**Records shown**
***
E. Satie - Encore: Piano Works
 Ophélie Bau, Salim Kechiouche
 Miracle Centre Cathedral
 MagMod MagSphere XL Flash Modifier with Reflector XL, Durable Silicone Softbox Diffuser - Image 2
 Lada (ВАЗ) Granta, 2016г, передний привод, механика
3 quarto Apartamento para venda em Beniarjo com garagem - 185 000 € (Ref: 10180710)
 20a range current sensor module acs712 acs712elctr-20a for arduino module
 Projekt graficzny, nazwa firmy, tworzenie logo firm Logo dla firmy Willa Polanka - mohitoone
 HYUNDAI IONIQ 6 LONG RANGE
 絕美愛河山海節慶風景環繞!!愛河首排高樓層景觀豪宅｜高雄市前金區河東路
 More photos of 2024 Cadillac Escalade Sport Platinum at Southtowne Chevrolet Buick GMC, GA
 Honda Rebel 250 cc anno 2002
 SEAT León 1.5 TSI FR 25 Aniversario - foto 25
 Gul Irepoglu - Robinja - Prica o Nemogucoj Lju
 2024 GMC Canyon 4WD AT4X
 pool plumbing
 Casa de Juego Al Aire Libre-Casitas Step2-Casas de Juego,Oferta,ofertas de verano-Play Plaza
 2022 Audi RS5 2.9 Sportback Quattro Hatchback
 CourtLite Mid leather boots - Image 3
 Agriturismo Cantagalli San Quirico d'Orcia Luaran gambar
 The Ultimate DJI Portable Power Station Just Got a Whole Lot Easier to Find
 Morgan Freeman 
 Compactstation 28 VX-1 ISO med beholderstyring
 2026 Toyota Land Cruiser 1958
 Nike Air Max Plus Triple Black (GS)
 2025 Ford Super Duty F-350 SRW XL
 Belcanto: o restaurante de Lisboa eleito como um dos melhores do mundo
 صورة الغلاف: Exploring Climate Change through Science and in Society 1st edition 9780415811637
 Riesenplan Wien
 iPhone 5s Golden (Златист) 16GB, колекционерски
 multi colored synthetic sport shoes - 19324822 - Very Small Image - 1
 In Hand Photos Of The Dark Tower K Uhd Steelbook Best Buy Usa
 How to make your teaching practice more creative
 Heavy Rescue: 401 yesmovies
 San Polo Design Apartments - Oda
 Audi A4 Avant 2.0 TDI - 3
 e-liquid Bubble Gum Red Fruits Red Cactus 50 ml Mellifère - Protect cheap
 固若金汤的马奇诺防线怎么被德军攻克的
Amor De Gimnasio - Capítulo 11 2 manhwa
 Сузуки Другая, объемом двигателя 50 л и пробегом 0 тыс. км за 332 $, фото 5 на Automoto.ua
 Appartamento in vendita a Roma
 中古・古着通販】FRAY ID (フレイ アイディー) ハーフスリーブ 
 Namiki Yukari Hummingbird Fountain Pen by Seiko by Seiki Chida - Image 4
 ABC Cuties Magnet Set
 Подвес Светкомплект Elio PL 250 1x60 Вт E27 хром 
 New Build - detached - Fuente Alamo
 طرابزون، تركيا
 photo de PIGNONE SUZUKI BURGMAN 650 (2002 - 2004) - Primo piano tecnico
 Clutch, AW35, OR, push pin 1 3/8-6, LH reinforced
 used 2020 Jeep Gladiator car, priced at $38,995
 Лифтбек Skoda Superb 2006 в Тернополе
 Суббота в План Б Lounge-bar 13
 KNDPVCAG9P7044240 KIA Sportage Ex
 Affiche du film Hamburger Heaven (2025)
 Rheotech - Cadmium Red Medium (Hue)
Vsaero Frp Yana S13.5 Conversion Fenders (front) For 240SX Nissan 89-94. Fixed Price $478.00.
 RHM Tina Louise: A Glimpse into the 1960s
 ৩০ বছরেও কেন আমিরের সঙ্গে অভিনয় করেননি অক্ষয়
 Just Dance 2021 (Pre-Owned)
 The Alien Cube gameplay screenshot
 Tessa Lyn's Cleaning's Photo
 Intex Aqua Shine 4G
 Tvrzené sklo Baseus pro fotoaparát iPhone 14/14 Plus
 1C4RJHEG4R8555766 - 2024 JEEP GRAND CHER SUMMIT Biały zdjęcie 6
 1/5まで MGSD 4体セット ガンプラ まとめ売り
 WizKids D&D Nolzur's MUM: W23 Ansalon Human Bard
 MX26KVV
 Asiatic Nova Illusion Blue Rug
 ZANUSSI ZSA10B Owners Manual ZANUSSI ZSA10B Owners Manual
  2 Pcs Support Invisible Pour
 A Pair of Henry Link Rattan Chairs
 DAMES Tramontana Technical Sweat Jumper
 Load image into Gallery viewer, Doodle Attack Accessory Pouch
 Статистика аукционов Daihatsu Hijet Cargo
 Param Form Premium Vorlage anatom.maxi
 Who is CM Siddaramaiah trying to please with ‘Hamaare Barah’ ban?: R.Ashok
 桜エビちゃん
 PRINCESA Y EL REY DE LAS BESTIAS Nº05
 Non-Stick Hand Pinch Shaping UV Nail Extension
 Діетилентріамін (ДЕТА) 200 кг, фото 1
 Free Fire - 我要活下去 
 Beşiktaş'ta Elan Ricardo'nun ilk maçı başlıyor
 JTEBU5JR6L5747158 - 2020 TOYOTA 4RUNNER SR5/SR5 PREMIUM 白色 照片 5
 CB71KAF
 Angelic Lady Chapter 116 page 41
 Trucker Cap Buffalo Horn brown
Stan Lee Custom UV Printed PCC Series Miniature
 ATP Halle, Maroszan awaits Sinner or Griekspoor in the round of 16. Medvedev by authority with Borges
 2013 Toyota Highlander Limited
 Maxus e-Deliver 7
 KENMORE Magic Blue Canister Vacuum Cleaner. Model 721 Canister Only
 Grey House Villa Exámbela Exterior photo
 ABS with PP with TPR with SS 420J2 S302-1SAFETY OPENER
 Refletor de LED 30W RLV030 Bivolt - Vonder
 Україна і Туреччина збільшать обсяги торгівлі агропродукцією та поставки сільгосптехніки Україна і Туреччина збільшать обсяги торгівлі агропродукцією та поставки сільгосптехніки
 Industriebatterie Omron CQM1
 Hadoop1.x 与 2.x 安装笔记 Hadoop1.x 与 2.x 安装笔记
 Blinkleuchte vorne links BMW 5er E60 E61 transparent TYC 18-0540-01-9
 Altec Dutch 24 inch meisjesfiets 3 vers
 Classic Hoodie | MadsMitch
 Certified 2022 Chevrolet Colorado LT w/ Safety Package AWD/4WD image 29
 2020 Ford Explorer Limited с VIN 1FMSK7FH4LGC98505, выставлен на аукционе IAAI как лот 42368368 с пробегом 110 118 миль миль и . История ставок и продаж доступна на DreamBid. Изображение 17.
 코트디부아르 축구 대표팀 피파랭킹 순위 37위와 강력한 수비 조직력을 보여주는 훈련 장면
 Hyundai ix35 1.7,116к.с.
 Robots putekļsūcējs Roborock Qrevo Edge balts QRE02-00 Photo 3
***
**What the task requires**
Make a word-for-word transcription of the listing above.

**Result for this exercise**
E. Satie - Encore: Piano Works
 Ophélie Bau, Salim Kechiouche
 Miracle Centre Cathedral
 MagMod MagSphere XL Flash Modifier with Reflector XL, Durable Silicone Softbox Diffuser - Image 2
 Lada (ВАЗ) Granta, 2016г, передний привод, механика
3 quarto Apartamento para venda em Beniarjo com garagem - 185 000 € (Ref: 10180710)
 20a range current sensor module acs712 acs712elctr-20a for arduino module
 Projekt graficzny, nazwa firmy, tworzenie logo firm Logo dla firmy Willa Polanka - mohitoone
 HYUNDAI IONIQ 6 LONG RANGE
 絕美愛河山海節慶風景環繞!!愛河首排高樓層景觀豪宅｜高雄市前金區河東路
 More photos of 2024 Cadillac Escalade Sport Platinum at Southtowne Chevrolet Buick GMC, GA
 Honda Rebel 250 cc anno 2002
 SEAT León 1.5 TSI FR 25 Aniversario - foto 25
 Gul Irepoglu - Robinja - Prica o Nemogucoj Lju
 2024 GMC Canyon 4WD AT4X
 pool plumbing
 Casa de Juego Al Aire Libre-Casitas Step2-Casas de Juego,Oferta,ofertas de verano-Play Plaza
 2022 Audi RS5 2.9 Sportback Quattro Hatchback
 CourtLite Mid leather boots - Image 3
 Agriturismo Cantagalli San Quirico d'Orcia Luaran gambar
 The Ultimate DJI Portable Power Station Just Got a Whole Lot Easier to Find
 Morgan Freeman 
 Compactstation 28 VX-1 ISO med beholderstyring
 2026 Toyota Land Cruiser 1958
 Nike Air Max Plus Triple Black (GS)
 2025 Ford Super Duty F-350 SRW XL
 Belcanto: o restaurante de Lisboa eleito como um dos melhores do mundo
 صورة الغلاف: Exploring Climate Change through Science and in Society 1st edition 9780415811637
 Riesenplan Wien
 iPhone 5s Golden (Златист) 16GB, колекционерски
 multi colored synthetic sport shoes - 19324822 - Very Small Image - 1
 In Hand Photos Of The Dark Tower K Uhd Steelbook Best Buy Usa
 How to make your teaching practice more creative
 Heavy Rescue: 401 yesmovies
 San Polo Design Apartments - Oda
 Audi A4 Avant 2.0 TDI - 3
 e-liquid Bubble Gum Red Fruits Red Cactus 50 ml Mellifère - Protect cheap
 固若金汤的马奇诺防线怎么被德军攻克的
Amor De Gimnasio - Capítulo 11 2 manhwa
 Сузуки Другая, объемом двигателя 50 л и пробегом 0 тыс. км за 332 $, фото 5 на Automoto.ua
 Appartamento in vendita a Roma
 中古・古着通販】FRAY ID (フレイ アイディー) ハーフスリーブ 
 Namiki Yukari Hummingbird Fountain Pen by Seiko by Seiki Chida - Image 4
 ABC Cuties Magnet Set
 Подвес Светкомплект Elio PL 250 1x60 Вт E27 хром 
 New Build - detached - Fuente Alamo
 طرابزون، تركيا
 photo de PIGNONE SUZUKI BURGMAN 650 (2002 - 2004) - Primo piano tecnico
 Clutch, AW35, OR, push pin 1 3/8-6, LH reinforced
 used 2020 Jeep Gladiator car, priced at $38,995
 Лифтбек Skoda Superb 2006 в Тернополе
 Суббота в План Б Lounge-bar 13
 KNDPVCAG9P7044240 KIA Sportage Ex
 Affiche du film Hamburger Heaven (2025)
 Rheotech - Cadmium Red Medium (Hue)
Vsaero Frp Yana S13.5 Conversion Fenders (front) For 240SX Nissan 89-94. Fixed Price $478.00.
 RHM Tina Louise: A Glimpse into the 1960s
 ৩০ বছরেও কেন আমিরের সঙ্গে অভিনয় করেননি অক্ষয়
 Just Dance 2021 (Pre-Owned)
 The Alien Cube gameplay screenshot
 Tessa Lyn's Cleaning's Photo
 Intex Aqua Shine 4G
 Tvrzené sklo Baseus pro fotoaparát iPhone 14/14 Plus
 1C4RJHEG4R8555766 - 2024 JEEP GRAND CHER SUMMIT Biały zdjęcie 6
 1/5まで MGSD 4体セット ガンプラ まとめ売り
 WizKids D&D Nolzur's MUM: W23 Ansalon Human Bard
 MX26KVV
 Asiatic Nova Illusion Blue Rug
 ZANUSSI ZSA10B Owners Manual ZANUSSI ZSA10B Owners Manual
  2 Pcs Support Invisible Pour
 A Pair of Henry Link Rattan Chairs
 DAMES Tramontana Technical Sweat Jumper
 Load image into Gallery viewer, Doodle Attack Accessory Pouch
 Статистика аукционов Daihatsu Hijet Cargo
 Param Form Premium Vorlage anatom.maxi
 Who is CM Siddaramaiah trying to please with ‘Hamaare Barah’ ban?: R.Ashok
 桜エビちゃん
 PRINCESA Y EL REY DE LAS BESTIAS Nº05
 Non-Stick Hand Pinch Shaping UV Nail Extension
 Діетилентріамін (ДЕТА) 200 кг, фото 1
 Free Fire - 我要活下去 
 Beşiktaş'ta Elan Ricardo'nun ilk maçı başlıyor
 JTEBU5JR6L5747158 - 2020 TOYOTA 4RUNNER SR5/SR5 PREMIUM 白色 照片 5
 CB71KAF
 Angelic Lady Chapter 116 page 41
 Trucker Cap Buffalo Horn brown
Stan Lee Custom UV Printed PCC Series Miniature
 ATP Halle, Maroszan awaits Sinner or Griekspoor in the round of 16. Medvedev by authority with Borges
 2013 Toyota Highlander Limited
 Maxus e-Deliver 7
 KENMORE Magic Blue Canister Vacuum Cleaner. Model 721 Canister Only
 Grey House Villa Exámbela Exterior photo
 ABS with PP with TPR with SS 420J2 S302-1SAFETY OPENER
 Refletor de LED 30W RLV030 Bivolt - Vonder
 Україна і Туреччина збільшать обсяги торгівлі агропродукцією та поставки сільгосптехніки Україна і Туреччина збільшать обсяги торгівлі агропродукцією та поставки сільгосптехніки
 Industriebatterie Omron CQM1
 Hadoop1.x 与 2.x 安装笔记 Hadoop1.x 与 2.x 安装笔记
 Blinkleuchte vorne links BMW 5er E60 E61 transparent TYC 18-0540-01-9
 Altec Dutch 24 inch meisjesfiets 3 vers
 Classic Hoodie | MadsMitch
 Certified 2022 Chevrolet Colorado LT w/ Safety Package AWD/4WD image 29
 2020 Ford Explorer Limited с VIN 1FMSK7FH4LGC98505, выставлен на аукционе IAAI как лот 42368368 с пробегом 110 118 миль миль и . История ставок и продаж доступна на DreamBid. Изображение 17.
 코트디부아르 축구 대표팀 피파랭킹 순위 37위와 강력한 수비 조직력을 보여주는 훈련 장면
 Hyundai ix35 1.7,116к.с.
 Robots putekļsūcējs Roborock Qrevo Edge balts QRE02-00 Photo 3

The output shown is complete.